**DATA UNDER STUDY:**

------------------------------

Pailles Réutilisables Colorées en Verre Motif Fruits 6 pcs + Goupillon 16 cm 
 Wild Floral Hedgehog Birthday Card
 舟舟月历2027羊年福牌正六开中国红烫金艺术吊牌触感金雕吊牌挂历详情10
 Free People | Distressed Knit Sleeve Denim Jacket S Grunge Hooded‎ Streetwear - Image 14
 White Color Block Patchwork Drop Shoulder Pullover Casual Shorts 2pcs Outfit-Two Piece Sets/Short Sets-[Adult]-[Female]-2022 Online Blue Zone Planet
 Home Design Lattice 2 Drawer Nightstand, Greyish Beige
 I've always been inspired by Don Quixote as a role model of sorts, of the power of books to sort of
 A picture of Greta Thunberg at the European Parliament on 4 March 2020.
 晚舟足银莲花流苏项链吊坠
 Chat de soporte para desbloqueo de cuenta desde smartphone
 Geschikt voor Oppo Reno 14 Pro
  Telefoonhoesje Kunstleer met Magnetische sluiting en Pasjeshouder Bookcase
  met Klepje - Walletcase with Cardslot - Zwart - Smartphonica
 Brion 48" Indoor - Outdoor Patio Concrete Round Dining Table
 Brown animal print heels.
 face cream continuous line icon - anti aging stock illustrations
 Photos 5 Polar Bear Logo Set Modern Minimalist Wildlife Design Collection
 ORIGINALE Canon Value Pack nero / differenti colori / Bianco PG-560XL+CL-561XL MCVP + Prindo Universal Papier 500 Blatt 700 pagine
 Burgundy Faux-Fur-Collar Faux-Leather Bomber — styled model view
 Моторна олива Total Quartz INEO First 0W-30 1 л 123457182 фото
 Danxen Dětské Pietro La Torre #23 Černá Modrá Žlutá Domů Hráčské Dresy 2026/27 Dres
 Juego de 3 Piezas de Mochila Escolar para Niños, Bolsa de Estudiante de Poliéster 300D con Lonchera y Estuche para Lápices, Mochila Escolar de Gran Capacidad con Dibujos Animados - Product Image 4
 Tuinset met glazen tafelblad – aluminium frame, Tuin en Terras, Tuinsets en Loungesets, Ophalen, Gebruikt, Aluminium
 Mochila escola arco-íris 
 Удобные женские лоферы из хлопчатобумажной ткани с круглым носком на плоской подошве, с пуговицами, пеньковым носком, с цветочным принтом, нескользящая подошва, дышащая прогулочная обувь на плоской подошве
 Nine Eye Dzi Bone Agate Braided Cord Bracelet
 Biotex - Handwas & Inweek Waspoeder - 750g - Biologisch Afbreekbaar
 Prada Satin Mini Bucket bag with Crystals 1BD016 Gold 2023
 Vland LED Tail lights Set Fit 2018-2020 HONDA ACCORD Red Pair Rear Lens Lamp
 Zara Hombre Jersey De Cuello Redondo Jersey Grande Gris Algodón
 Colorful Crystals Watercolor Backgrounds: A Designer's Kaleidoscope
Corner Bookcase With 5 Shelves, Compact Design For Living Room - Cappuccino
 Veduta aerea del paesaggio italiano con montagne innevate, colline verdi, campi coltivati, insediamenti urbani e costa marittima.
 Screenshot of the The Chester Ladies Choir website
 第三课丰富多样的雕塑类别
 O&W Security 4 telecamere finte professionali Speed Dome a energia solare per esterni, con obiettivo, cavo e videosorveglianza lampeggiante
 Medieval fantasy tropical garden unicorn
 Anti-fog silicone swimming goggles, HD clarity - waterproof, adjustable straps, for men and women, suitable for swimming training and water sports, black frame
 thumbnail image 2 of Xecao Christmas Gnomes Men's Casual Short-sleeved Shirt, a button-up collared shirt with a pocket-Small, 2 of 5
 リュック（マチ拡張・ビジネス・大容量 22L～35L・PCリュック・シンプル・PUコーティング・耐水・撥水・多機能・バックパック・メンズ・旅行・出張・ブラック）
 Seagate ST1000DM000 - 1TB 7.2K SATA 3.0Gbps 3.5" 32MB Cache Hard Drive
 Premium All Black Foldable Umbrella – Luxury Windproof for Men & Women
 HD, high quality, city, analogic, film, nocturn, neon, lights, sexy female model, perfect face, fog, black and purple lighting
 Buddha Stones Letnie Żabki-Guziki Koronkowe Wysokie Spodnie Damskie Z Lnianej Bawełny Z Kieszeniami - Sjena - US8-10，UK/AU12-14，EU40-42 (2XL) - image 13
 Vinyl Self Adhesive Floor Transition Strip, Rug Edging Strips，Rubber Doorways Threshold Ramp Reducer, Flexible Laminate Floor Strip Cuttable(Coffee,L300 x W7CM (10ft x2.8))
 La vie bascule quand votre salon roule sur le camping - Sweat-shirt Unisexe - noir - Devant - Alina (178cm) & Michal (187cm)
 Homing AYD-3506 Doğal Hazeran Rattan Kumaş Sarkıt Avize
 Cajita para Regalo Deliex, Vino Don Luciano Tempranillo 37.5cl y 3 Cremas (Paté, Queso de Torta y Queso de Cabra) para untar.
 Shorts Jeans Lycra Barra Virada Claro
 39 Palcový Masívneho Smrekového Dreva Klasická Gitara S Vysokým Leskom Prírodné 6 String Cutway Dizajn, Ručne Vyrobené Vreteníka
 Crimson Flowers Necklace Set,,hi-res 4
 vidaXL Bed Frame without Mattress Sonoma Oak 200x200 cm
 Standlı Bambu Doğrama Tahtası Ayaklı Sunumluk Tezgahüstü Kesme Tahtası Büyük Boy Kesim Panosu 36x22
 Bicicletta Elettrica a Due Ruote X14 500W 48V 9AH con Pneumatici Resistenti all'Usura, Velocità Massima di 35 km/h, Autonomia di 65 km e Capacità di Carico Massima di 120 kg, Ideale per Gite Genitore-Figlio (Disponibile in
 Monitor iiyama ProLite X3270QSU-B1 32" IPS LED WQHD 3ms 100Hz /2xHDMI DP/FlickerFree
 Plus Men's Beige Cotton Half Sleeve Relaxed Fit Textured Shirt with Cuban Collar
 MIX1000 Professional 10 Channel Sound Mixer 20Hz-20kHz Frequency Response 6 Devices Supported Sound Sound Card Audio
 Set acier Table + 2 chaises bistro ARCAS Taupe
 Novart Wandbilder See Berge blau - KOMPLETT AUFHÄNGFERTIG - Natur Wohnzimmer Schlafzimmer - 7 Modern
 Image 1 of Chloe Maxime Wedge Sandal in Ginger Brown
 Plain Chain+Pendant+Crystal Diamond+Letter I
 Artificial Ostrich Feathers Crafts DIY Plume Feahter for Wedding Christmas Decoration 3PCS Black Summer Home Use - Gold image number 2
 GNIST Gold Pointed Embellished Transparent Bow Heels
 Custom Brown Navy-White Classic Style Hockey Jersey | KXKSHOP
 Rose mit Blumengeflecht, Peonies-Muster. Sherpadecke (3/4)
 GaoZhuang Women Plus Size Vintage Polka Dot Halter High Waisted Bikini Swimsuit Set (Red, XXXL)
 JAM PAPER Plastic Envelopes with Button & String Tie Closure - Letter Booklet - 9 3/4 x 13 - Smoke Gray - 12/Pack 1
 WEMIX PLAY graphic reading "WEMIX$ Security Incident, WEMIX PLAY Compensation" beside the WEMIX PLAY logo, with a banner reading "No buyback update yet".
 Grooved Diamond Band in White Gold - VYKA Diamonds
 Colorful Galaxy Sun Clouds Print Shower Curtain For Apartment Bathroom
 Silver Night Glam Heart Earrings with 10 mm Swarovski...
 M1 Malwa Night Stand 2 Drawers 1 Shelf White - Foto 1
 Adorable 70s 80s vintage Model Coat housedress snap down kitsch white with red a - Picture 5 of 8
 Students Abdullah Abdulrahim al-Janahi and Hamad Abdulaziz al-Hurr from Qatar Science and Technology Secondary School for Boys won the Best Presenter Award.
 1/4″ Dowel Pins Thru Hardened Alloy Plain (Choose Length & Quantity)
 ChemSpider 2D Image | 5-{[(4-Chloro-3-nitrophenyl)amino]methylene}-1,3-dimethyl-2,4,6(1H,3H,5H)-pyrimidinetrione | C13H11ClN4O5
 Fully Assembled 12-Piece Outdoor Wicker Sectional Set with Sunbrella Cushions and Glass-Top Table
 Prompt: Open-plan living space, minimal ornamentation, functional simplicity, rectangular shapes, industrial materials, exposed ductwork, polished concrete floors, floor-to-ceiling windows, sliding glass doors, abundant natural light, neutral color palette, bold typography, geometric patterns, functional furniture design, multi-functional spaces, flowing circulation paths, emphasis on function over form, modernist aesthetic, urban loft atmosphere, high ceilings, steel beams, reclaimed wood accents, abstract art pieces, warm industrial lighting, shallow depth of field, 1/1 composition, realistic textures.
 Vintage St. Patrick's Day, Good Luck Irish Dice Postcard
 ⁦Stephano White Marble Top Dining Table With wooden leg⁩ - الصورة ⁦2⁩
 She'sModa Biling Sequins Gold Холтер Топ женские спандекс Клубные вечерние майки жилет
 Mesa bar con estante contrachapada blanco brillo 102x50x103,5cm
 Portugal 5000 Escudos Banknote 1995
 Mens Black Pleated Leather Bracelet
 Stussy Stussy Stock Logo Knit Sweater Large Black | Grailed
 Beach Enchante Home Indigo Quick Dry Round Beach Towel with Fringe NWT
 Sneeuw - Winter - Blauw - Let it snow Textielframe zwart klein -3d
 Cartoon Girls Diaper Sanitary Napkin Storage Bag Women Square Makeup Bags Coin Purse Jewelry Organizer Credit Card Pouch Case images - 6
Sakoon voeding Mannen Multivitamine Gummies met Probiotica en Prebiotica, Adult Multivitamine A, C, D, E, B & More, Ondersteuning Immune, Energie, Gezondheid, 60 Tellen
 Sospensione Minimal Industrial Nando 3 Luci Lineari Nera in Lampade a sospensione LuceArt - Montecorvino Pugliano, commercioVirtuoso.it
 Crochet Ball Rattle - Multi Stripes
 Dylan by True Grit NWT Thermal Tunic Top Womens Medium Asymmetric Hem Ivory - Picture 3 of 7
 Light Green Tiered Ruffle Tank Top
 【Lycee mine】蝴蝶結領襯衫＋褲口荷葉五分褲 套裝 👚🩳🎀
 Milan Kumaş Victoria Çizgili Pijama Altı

------------------------------

**ABOUT THIS TASK:**
Reply with exactly the lines from the one containing "mine】蝴蝶結領襯衫＋褲口荷葉五分褲 套裝 👚🩳🎀" to the last line of the material, inclusive, and with nothing more.

**OUTPUT OF THE EXERCISE:**
 【Lycee mine】蝴蝶結領襯衫＋褲口荷葉五分褲 套裝 👚🩳🎀
 Milan Kumaş Victoria Çizgili Pijama Altı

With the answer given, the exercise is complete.